■ EXERCISE DIRECTIONS: The lines from the top of the data down to the line with "30 PRINCE EDWARD STREET W" should be repeated exactly, both ends included.

Stored dataset items
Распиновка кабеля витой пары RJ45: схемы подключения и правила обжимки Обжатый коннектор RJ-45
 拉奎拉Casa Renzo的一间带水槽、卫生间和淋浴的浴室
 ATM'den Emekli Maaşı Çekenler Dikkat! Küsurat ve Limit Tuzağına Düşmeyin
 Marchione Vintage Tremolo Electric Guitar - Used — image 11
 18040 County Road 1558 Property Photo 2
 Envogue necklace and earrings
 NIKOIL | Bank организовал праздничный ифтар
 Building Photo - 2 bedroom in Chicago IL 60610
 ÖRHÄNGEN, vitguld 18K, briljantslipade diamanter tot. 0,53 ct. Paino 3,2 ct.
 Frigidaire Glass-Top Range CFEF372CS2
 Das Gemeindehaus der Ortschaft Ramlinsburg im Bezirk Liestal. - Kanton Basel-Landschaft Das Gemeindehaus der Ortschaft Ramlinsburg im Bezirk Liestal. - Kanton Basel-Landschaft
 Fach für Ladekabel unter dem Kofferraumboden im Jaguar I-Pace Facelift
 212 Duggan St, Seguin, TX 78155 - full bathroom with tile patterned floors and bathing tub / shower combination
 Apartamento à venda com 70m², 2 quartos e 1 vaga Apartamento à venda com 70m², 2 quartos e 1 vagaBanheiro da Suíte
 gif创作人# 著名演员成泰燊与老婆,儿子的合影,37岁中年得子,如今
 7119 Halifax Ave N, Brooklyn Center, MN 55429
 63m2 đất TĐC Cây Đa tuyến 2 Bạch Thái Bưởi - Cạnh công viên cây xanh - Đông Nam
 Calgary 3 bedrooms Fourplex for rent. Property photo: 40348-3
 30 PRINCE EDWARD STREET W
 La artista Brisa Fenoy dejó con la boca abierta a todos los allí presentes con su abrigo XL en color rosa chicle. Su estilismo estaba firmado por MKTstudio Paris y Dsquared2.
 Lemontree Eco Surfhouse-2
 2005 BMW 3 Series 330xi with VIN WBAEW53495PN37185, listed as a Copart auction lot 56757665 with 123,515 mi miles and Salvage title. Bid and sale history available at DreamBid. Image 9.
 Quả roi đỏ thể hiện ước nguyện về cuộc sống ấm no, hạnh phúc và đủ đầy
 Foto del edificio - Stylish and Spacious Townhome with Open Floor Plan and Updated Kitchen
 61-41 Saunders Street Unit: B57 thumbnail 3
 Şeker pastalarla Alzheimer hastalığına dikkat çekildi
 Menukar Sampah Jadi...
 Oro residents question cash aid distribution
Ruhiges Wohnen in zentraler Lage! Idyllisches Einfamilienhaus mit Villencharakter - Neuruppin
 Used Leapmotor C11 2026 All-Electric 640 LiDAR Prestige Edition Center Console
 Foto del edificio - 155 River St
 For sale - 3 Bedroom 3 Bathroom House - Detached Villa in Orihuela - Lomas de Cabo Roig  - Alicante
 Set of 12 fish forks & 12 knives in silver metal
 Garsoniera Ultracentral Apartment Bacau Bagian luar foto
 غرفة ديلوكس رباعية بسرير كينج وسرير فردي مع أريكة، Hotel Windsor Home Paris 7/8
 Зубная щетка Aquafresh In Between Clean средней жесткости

■ RESPONSE AREA:
Распиновка кабеля витой пары RJ45: схемы подключения и правила обжимки Обжатый коннектор RJ-45
 拉奎拉Casa Renzo的一间带水槽、卫生间和淋浴的浴室
 ATM'den Emekli Maaşı Çekenler Dikkat! Küsurat ve Limit Tuzağına Düşmeyin
 Marchione Vintage Tremolo Electric Guitar - Used — image 11
 18040 County Road 1558 Property Photo 2
 Envogue necklace and earrings
 NIKOIL | Bank организовал праздничный ифтар
 Building Photo - 2 bedroom in Chicago IL 60610
 ÖRHÄNGEN, vitguld 18K, briljantslipade diamanter tot. 0,53 ct. Paino 3,2 ct.
 Frigidaire Glass-Top Range CFEF372CS2
 Das Gemeindehaus der Ortschaft Ramlinsburg im Bezirk Liestal. - Kanton Basel-Landschaft Das Gemeindehaus der Ortschaft Ramlinsburg im Bezirk Liestal. - Kanton Basel-Landschaft
 Fach für Ladekabel unter dem Kofferraumboden im Jaguar I-Pace Facelift
 212 Duggan St, Seguin, TX 78155 - full bathroom with tile patterned floors and bathing tub / shower combination
 Apartamento à venda com 70m², 2 quartos e 1 vaga Apartamento à venda com 70m², 2 quartos e 1 vagaBanheiro da Suíte
 gif创作人# 著名演员成泰燊与老婆,儿子的合影,37岁中年得子,如今
 7119 Halifax Ave N, Brooklyn Center, MN 55429
 63m2 đất TĐC Cây Đa tuyến 2 Bạch Thái Bưởi - Cạnh công viên cây xanh - Đông Nam
 Calgary 3 bedrooms Fourplex for rent. Property photo: 40348-3
 30 PRINCE EDWARD STREET W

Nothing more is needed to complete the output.